D’autre part, j’avais une activité de « policy officer », qui consistait à participer à des groupes de réflexion internes à la DG Concurrence sur l’amélioration des instruments juridiques fixant la politique de la Commission en matière de lutte contre les cartels. Les questions sur lesquelles j’ai été amené à réfléchir et à fournir des propositions visaient en particulier à améliorer le programme de clémence, mais aussi l’adoption d’une procédure de transaction permettant à la Commission d’adopter un plus grand nombre de décisions dans les affaires où les entreprises reconnaissaient leur tort ou la révision des méthodes de calcul de l’amende ou de l’influence du développement des actions en dommages-intérêts sur la sanction par la Commission des cartels. Ce travail « législatif » est passionnant et il n’existe aucun équivalent à cette activité dans le secteur privé.

LPJ : En quoi consiste le métier de référendaire au Tribunal ?

MB : Les référendaires font partie des cabinets de chacun des 28 juges (venant de chaque Etat membre de l’Union) que compte le Tribunal. Chaque juge se voit attribuer un certain nombre d’affaires à traiter chaque année et divise l’examen de ses affaires entre les trois référendaires qui travaillent avec elle ou lui, en fonction de leur spécialisation, du type de dossier en cause et de la charge de travail. Nous sommes donc amenés à travailler sur des dossiers dans toutes les matières de droit européen dont le Tribunal connait, tels que le droit de la concurrence, des aides d’Etat, des marchés publics, l’antidumping, le droit réglementaire, les marques.  Le rôle du référendaire, comme cela a été le mien jusqu’à présent mais cela peut varier d’un cabinet de juge à un autre, est d’instruire une affaire au côté du juge auquel il est rattaché et de rédiger sous sa supervision un projet d’arrêt que le juge acceptera ou modifiera, avant de le communiquer à la chambre, afin de permettre à cette dernière de statuer. Chaque dossier est traité par une chambre composée dans la plupart des cas, de 3 ou 5 juges, en fonction du degré de complexité ou de nouveauté de l’affaire.
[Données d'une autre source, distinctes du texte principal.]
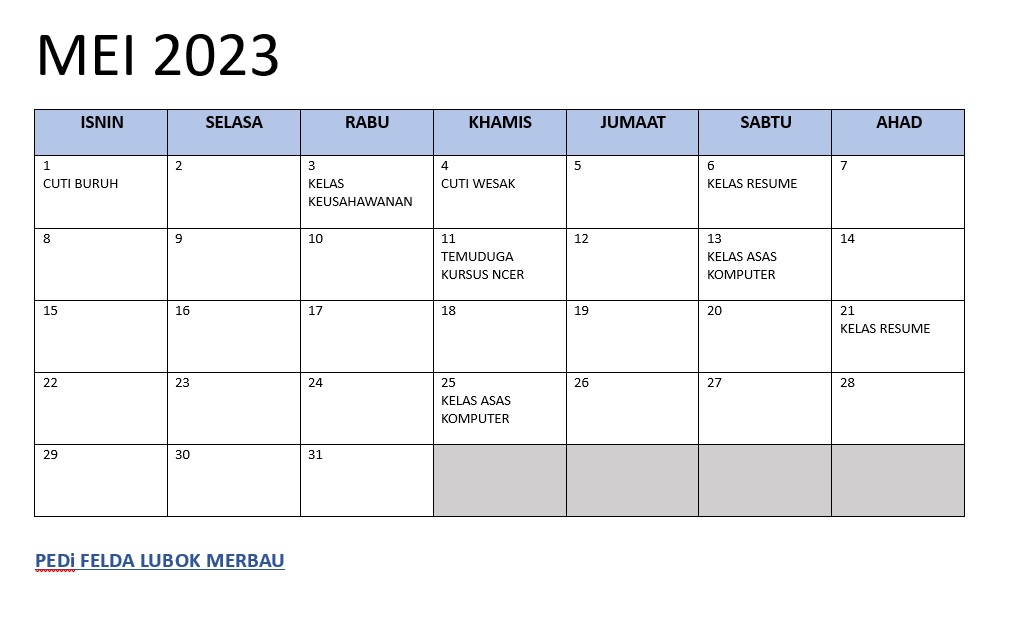 Jadual Aktiviti Mei 2023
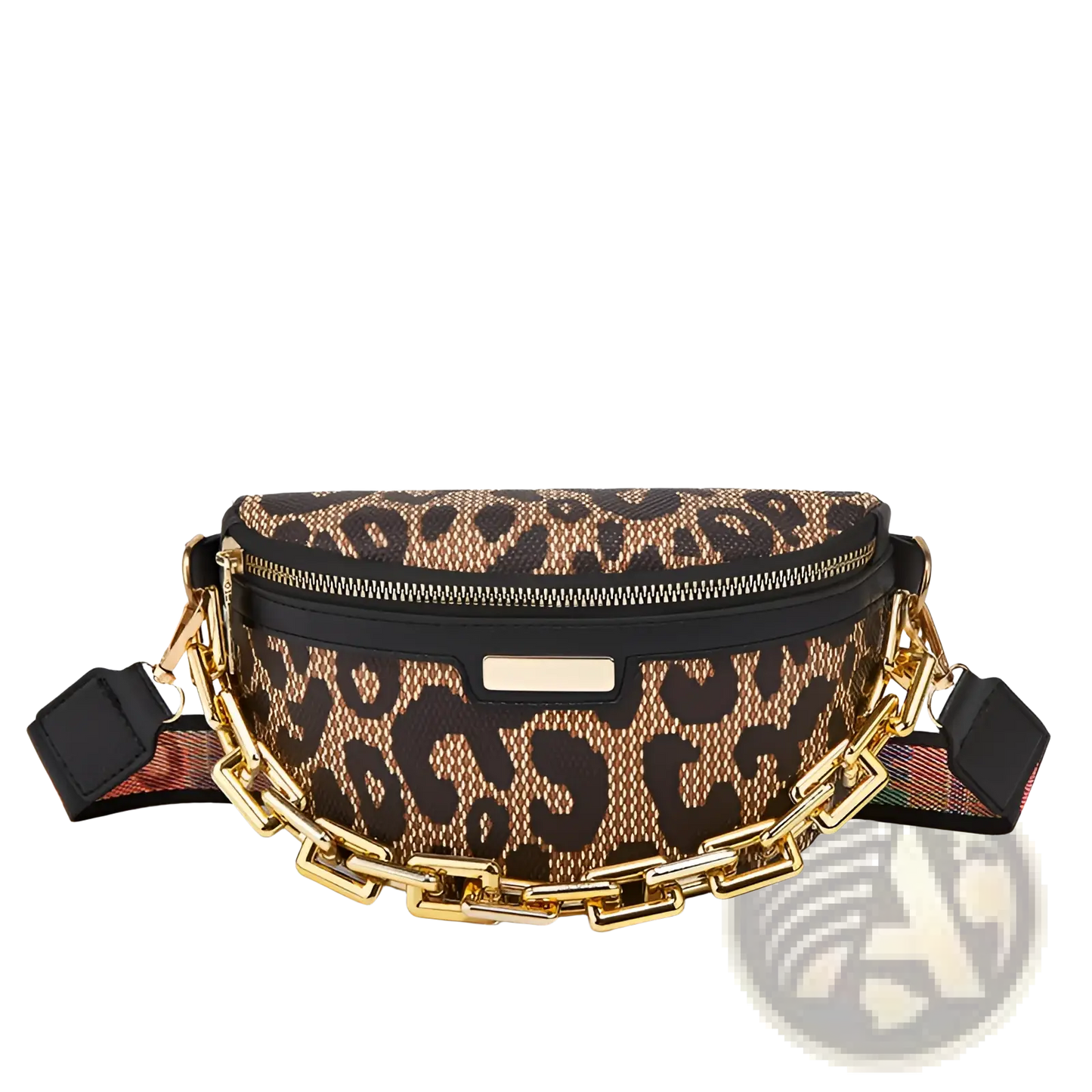 Leopard Print Chain Waist Bag for Women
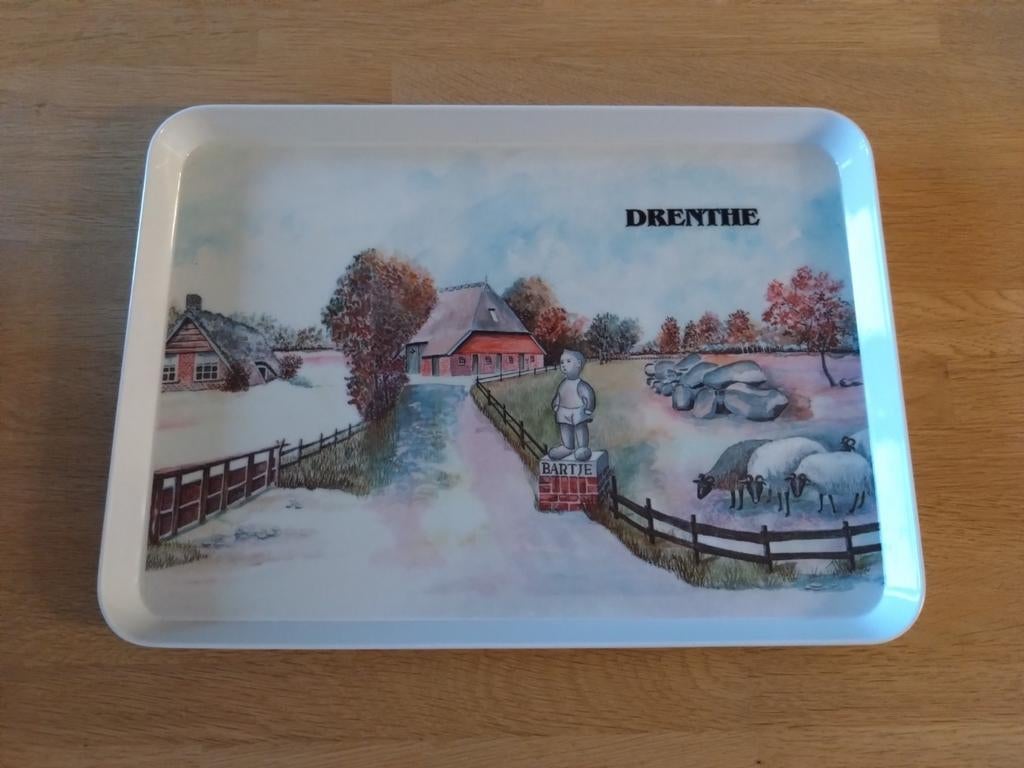 Drentse dienblad met Bartje en schapen, Antiek en Kunst, Ophalen of Verzenden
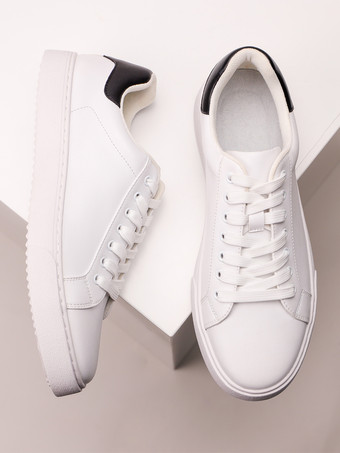 メンズスニーカー 快適なPUレザー ラウンドトゥ バスケット スポーツシューズ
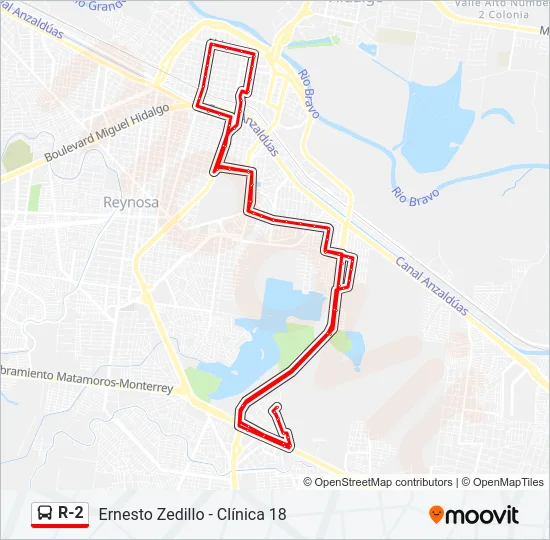 R-2 Bus Line Map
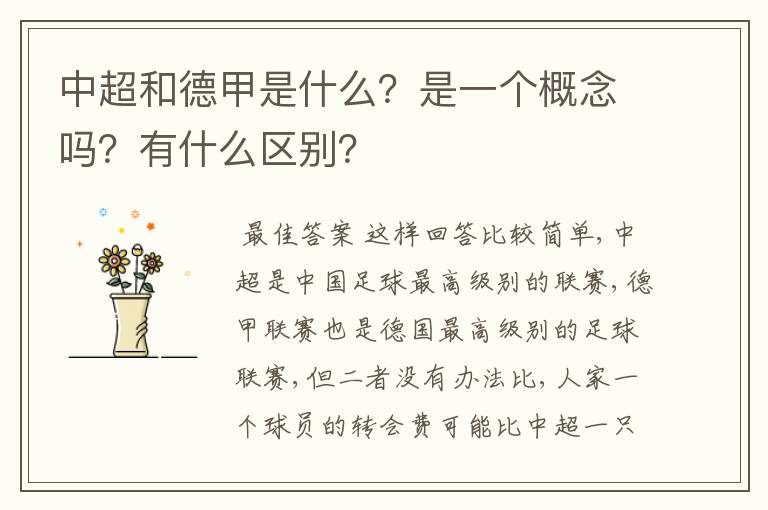 中超和德甲是什么?是一个概念吗?有什么区别?
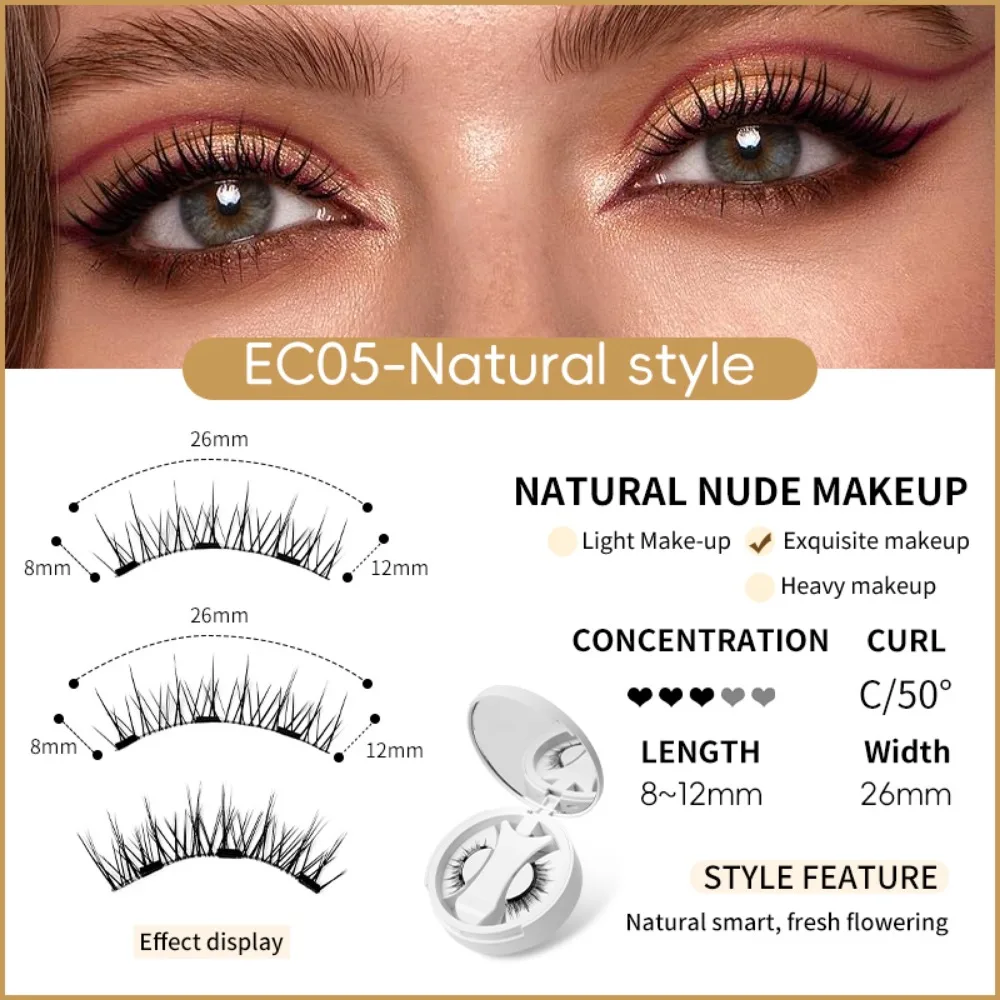 

With Applicator Magnetic Lashes Set No Glue Needed Reusable False Eyelashes Kit Comfortable Simulation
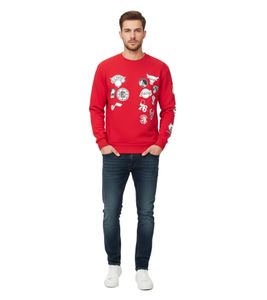 Hollister X NBA Herren Sweatshirt mit NBA-Team-Logos Baumwoll-Sweater Langarm-Shirt 322-221-1592-508 Rot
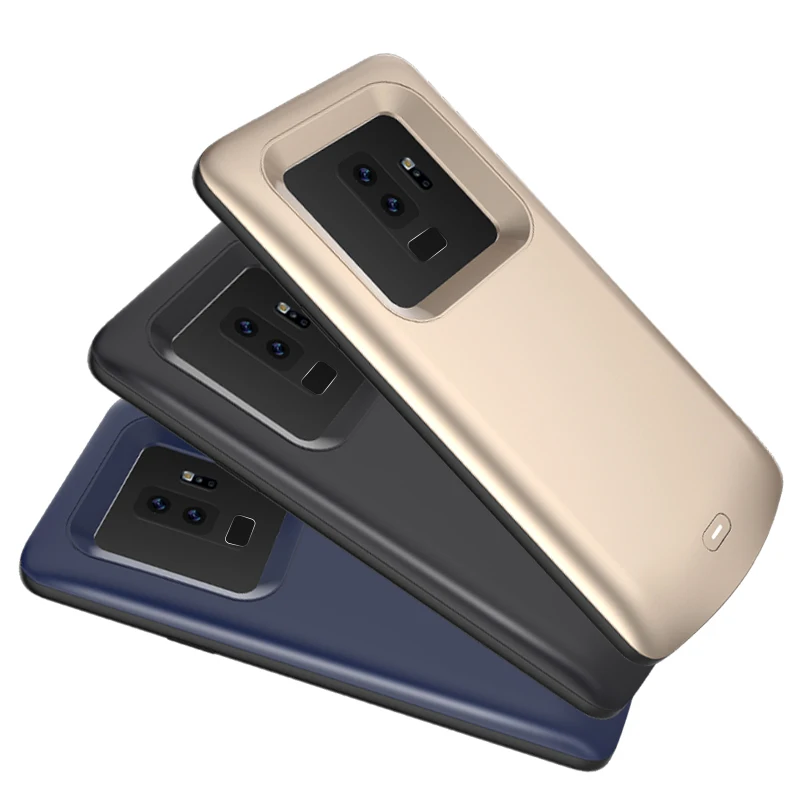 

5200mAh Rechargeable External Backup Battery Charger Case for Samsung galaxy S9Plus Powerbank Phone Cover With Kickstand Black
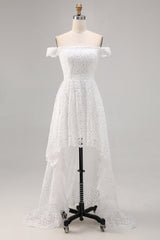 White Lace A Line Off The Shoulder High-Low Boho Maxi Dress with Ruffles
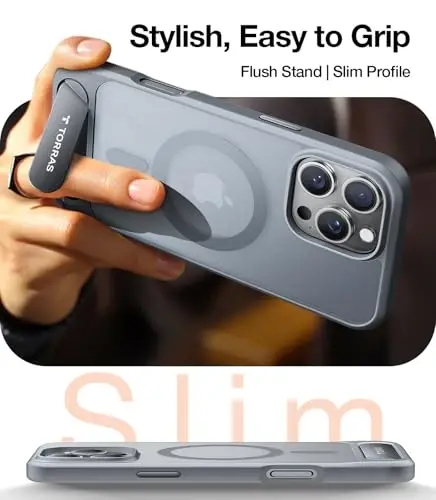 TORRAS Strong Magnetic & Seamless iPhone 16 Pro uchun g'ilof, MagSafe uchun mos, harbiy standartga mos tushishga chidamli sozlanishi olinadigan tirgakli himoya yupqa g'ilof iPhone 16 Pro 6.3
Si la chambre partage le raisonnement et la solution proposés, l’arrêt est adopté. S’il y a un désaccord entre les juges de la chambre, de nouveaux projets seront proposés par le juge rapporteur jusqu’à ce que l’arrêt satisfasse la chambre.

Le juge s’appuie donc, et réfléchit avec, le référendaire, mais il revient au seul juge de décider, avec la chambre à laquelle il appartient, du raisonnement et de la solution à donner à une affaire, le référendaire n’ayant donc qu’une fonction de conseil.

LPJ : Quelles sont, selon vous, les qualités à avoir pour exercer votre métier ?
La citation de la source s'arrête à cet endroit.